Case in point: the curiosity that led meĀ to watch “Stones In Exile,” a recent non-fiction film on the making of the Rolling Stones beyond seminal LP “Exile On Main Street,” was rewarded by supposedly contextualizing input from a young man in a band called Kings Of Leon who appeared in his choice of comments to have never heard of either the Stones or their 1972 album.
No offense to anyone’s record collection, but the complete absence of Bono, Jack White, Sheryl Crow and the rest of the rock doc talking head usual suspects in Vikram Jayanti’s new film puts it in the winner’s circle right out of the gate.
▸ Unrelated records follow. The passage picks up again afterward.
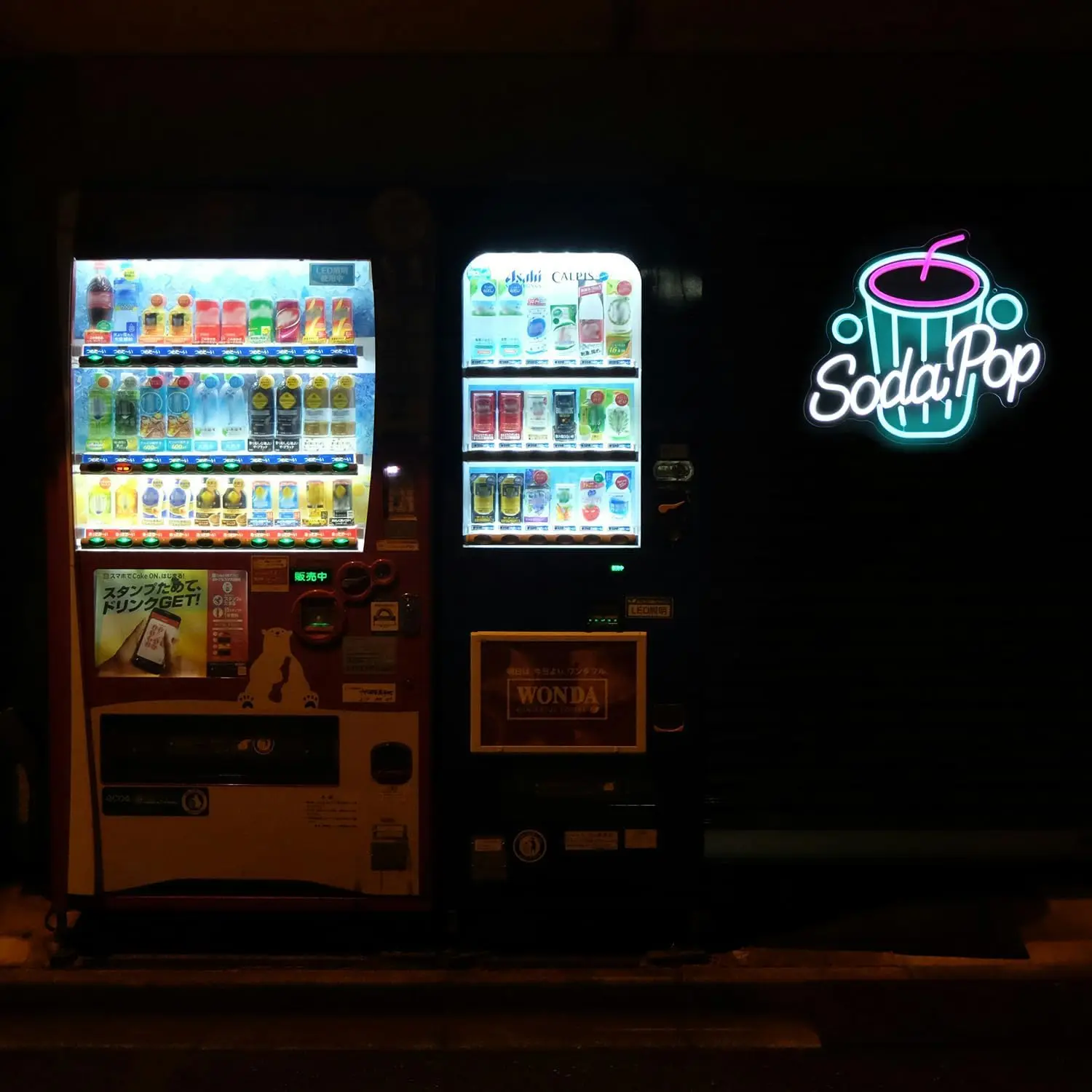 Soda Pop Neon Sign Drink Neon Light Dimmable Beverage Cup LED Sign Wall Business Sign Cocktail Restaurant Dessert Shop Bar Decor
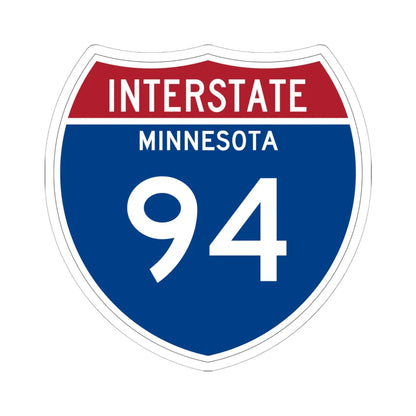 I-94 MN 1957 (Minnesota) (Road Sign) STICKER Vinyl Kiss-Cut Decal 6 Inch White - The Sticker Space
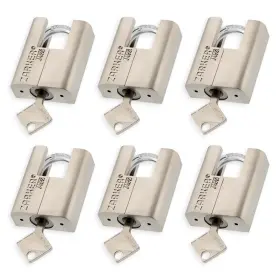 809224305340 ZARKER Keyed Alike Padlocks Steel Shackle Lock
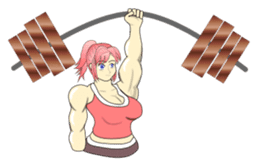 Beautiful Muscle Girl sticker #5932196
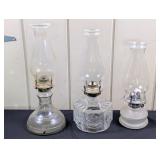 3 Large Oil Lamps
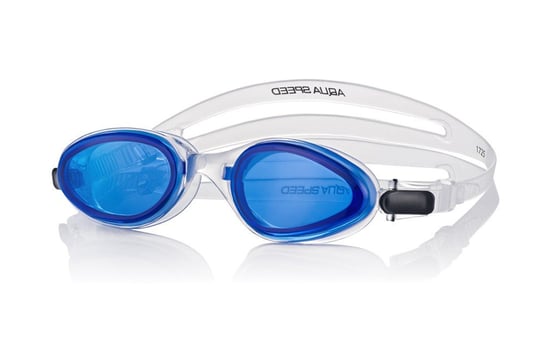 AquaSpeed, Okulary pływackie, Sonic Jr, transparentne z niebieskimi szkłami Aqua-Speed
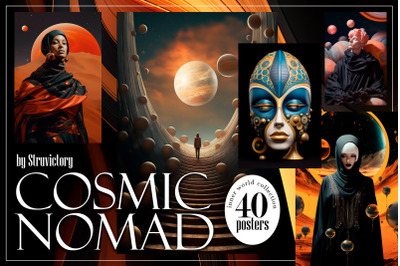 Cosmic Nomad Art Poster Collection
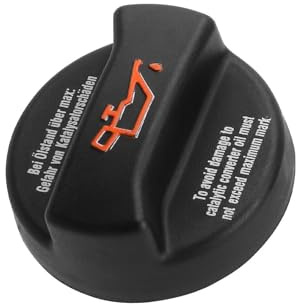 Motoröleinfülldeckel Öleinfülldeckel Kompatibel mit VW Polo 9N 6N 6R Golf 1 2 3 4 5 6 Passat T4 T5 Caddy Bora Audi A1 A2 A3 A4 A6 A8 TT Seat Volvo Öldeckel Replace#：06A103485F、06A103485C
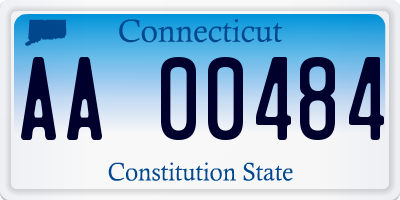CT license plate AA00484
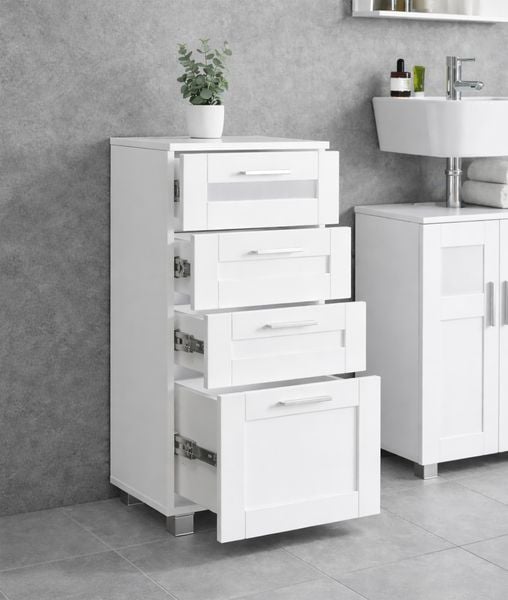Produktbild: Midischrank Schubladen Nilari 76 x 38 x 28 cm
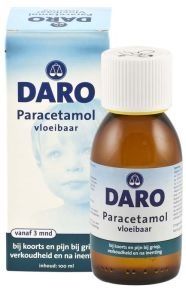 Paracetamol vloeibaar 100 ml Daro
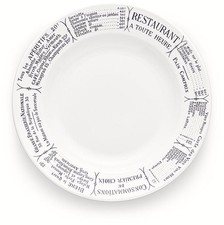 PILLIVUYT FRANCE, BRASSERIE FRENCH PORCELAIN BREAD BUTTER PLATE s , 6.5", NEW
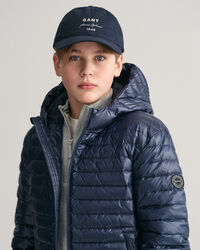 Teens Shiny Leichte Daunensteppjacke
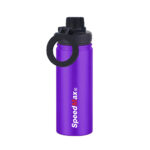 500ML Stainless Steel Insulated Water Bottle W/Phone Holder Lid - Image 4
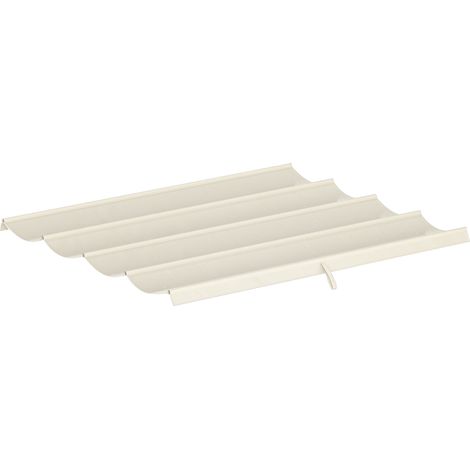 Outsunny Telo Pergolato per Esterni in Poliestere Crema Anti UV con 8 Fori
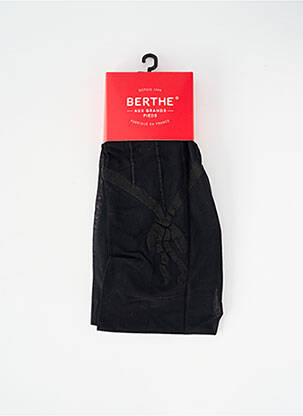 Collants imprimé fantaisie noir BERTHE AUX GRANDS PIEDS femme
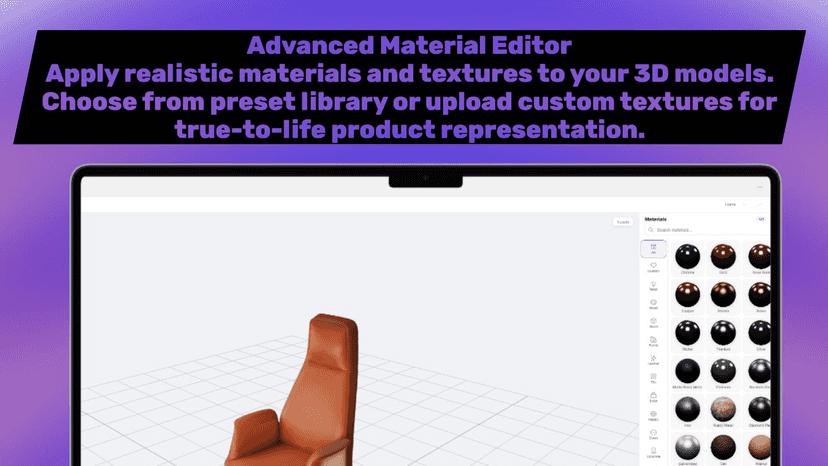 Material & Texture Library with custom upload option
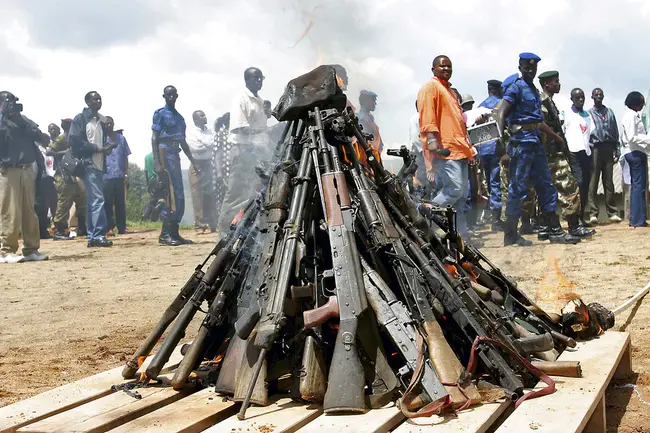 Disarmament Demobilisation and Reintegration : 解除武装复员和重返社会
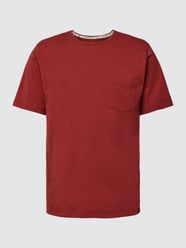 T-Shirt mit Brusttasche Modell 'SLUB YARN' von Colours & Sons Rot - 40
That film is “The Agony and the Ecstasy of Phil Spector,” a documentary on the legendary producer, songwriter and, now, convicted murderer.
Instead of assembling footage of collaborators and celebrity “experts,” Jayanti’s film places Phil Spector’s greatest and most infamous critic, fan and apologist front and center — Spector himself. In a series of interviews shot by the extravagantly talented cinematographer Maryse AlbertiĀ (“No Direction Home,” “Happiness,” “Velvet Goldmine”) Spector appears rheumy-eyed, bewigged and candid to a fault.
He expounds on the long and winding road that led him from a Bronx childhood scarred by paternal suicide, to life as a Los Angeles high school social outcast, to music industry teenage hit-maker status, to architect of the lush “Wall of Sound” recording style, to Beatles producer and confidante, and eventually accused murderer.
Just scoring an interview of this length and breadth with a man as notoriously privacy-obsessed and reclusive as Spector is a non-fiction filmmaking coup of the highest order. But the fact that the interview subject was at the time of his sit-down in the midst of his first (ultimately inconclusive) trial on the charge of killing actress and waitress Lana Clarkson with a pistol from his own collection turns the film’s Q & A into something else.
“The Agony and the Ecstasy of Phil Spector” becomes a kind of confessional and accusatory spoken word aria that wanders into the documentary borderlands. In light of its subjects subsequent conviction and sentencing to 19 years to life for killing Clarkson, this sympathetic portrait (produced for BBC’s excellent Arena series) might best be described as a “defeat lap.”
Like Dixon Steele, the character played by Humphrey Bogart in Nicholas Ray’s LA anti-romance “In A Lonely Place,” the Phil Spector on view here appears to have spent his entire life inadvertently grooming himself for trial by both jury and public opinion. Segments in which Spector casually compares his work to that of Leonardo da Vinci, dishes on what ingrates most of the performers he made into stars ultimately were and rues the outcome of court proceedings left in the hands of his intellectual inferiors jockey for screen time with lengthy Court TV excerpts of the first trial.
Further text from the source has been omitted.